Mid-Autumn Festival (or Moon Festival) is one of the most colorful among the many traditional Chinese festivals celebrated in Hong Kong, China. For hundreds of years, along with Chinese New Year, the Mid-Autumn Festival has been one of the most important Chinese festivals, a time when families get together to celebrate the abundance of a good harvest and to gaze at the full moon. Children play with lanterns of different shapes and colors adding a delightful ambient to the festivities.
This year, Mid-Autumn Festival falls in September. People enjoy one day off on that day which is usually connected with the weekend. The Mid-Autumn holiday in Hong Kong starts from September 6th until 8th.
The Mid-Autumn celebrations always include colorful Chinese lanterns. Shops all over town sell colored Chinese paper lanterns usually in the shape of animals, but more recently, in the shape of space ships and cartoon characters etc. There are also large thematic lantern displays in different areas of Hong Kong. Mid-Autumn Festival is given a modern treatment now in Hong Kong, where glowing lanterns merge with the city’s neon signs, fiery dragon dance through the busy streets and a full moon shines down on a festive metropolis.
Moon cakes are a traditional and indispensable part of the Hong Kong Mid-Autumn festivities (so the event is also called Moon Cake Festival).

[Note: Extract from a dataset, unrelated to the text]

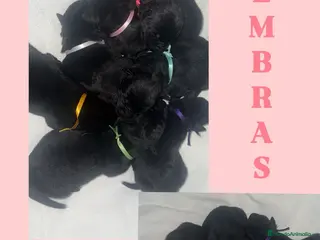 Pastor Belga Malinois perros Pastor belga - Anuncio 27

Mooncakes are available from bakeries, supermarkets and some restaurants from about the end of August. Friends and relatives give one another moon cakes as gifts to convey blessings and good fortune.
Moon cakes date back to the Yuan dynasty when Han Chinese rebels passed secret messages to one another hidden in the cakes to prevent their plans for insurrection being discovered by their Mongolian rulers. Since the moon cake is round in shape, it symbolizes the reunion of a family, so it is easy to understand how the eating of moon cakes under the round moon can inspire the missing of distant relatives.